Lewicki: "Wir müssen noch cleverer spielen"

Rückraumspielerin Katrin Schatzer (re.) erzielte gegen den TV Oyten sechs Treffer.
Handball
Montag, 05.09.2011 / 10:17 Uhr

Eine Woche vor dem Saisonstart in der 3. Liga Nord haben die Handballerinnen des SV Werder eine Überraschung im DHB-Pokal nur knapp verpasst...

Eine Woche vor dem Saisonstart in der 3. Liga Nord haben die Handballerinnen des SV Werder eine Überraschung im DHB-Pokal nur knapp verpasst.

Die Mannschaft von Trainer Radek Lewicki musste sich in der ersten Hauptrunde dem Zweitligaabsteiger TV Oyten mit 30:31 geschlagen geben, bot dabei jedoch 50 Minuten lang eine sehenswerte Leistung und präsentierte sich vor dem schweren Auftaktspiel in der Liga gegen Meisterschaftsfavorit BVB Füchse Berlin gut gerüstet.

Die Grün-Weißen legten einen Blitzstart gegen die favorisierten Gäste hin und warfen eine 10:5-Führung nach 15 Minuten heraus. Gestützt auf die starke Torhüterin Meike Anschütz ließ die Werder-Defensive die spielstarken Oytenerinnen zunächst kaum zur Entfaltung kommen, leistete sich dann jedoch die erste Schwächephase der Partie und gestattete dem Gegner sechs Tore in Folge, ohne selbst zu treffen (10:11). Bereits zur Pause war die grün-weiße Führung beim 17:14 allerdings wieder hergestellt.
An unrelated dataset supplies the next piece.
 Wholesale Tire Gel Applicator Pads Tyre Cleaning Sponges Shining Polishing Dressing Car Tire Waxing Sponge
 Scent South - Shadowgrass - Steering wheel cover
Im zweiten Durchgang wuchs der Vorsprung dann teilweise auf sechs Treffer an, und keiner der knapp 250 Zuschauer in der gut gefüllten Werder-Halle zweifelte an einem verdienten Werder-Erfolg. Zu diesem wäre es wohl auch gekommen, hätten die Grün-Weißen den Gegner nicht mit zahlreichen Fehlern, Zeitstrafen und überhasteten Aktionen noch einmal ins Spiel zurück gebracht. Die Niedersachsen nahmen das Geschenk dankbar an und drehten die Begegnung zu ihren Gunsten. „Oyten war einfach einen Tick cleverer und ist uns in Sachen Erfahrung noch einen Schritt voraus", nannte Werder-Trainer Radek Lewicki einen Grund für die Niederlage seines jungen Teams, in dem Katrin Schatzer (6/1) und Anna Barnstorff (5) an diesem Tag de meisten Tore erzielten. Zudem trafen Patrizia Otremba (4), Danijela Brdar (4/1), Julia Behrens (3), Nadja Wassrodt (3), Marilena Niemann (2), Jennifer Börsen (1), Marie-Christin Kaiser (1) und Laura Schwehn (1).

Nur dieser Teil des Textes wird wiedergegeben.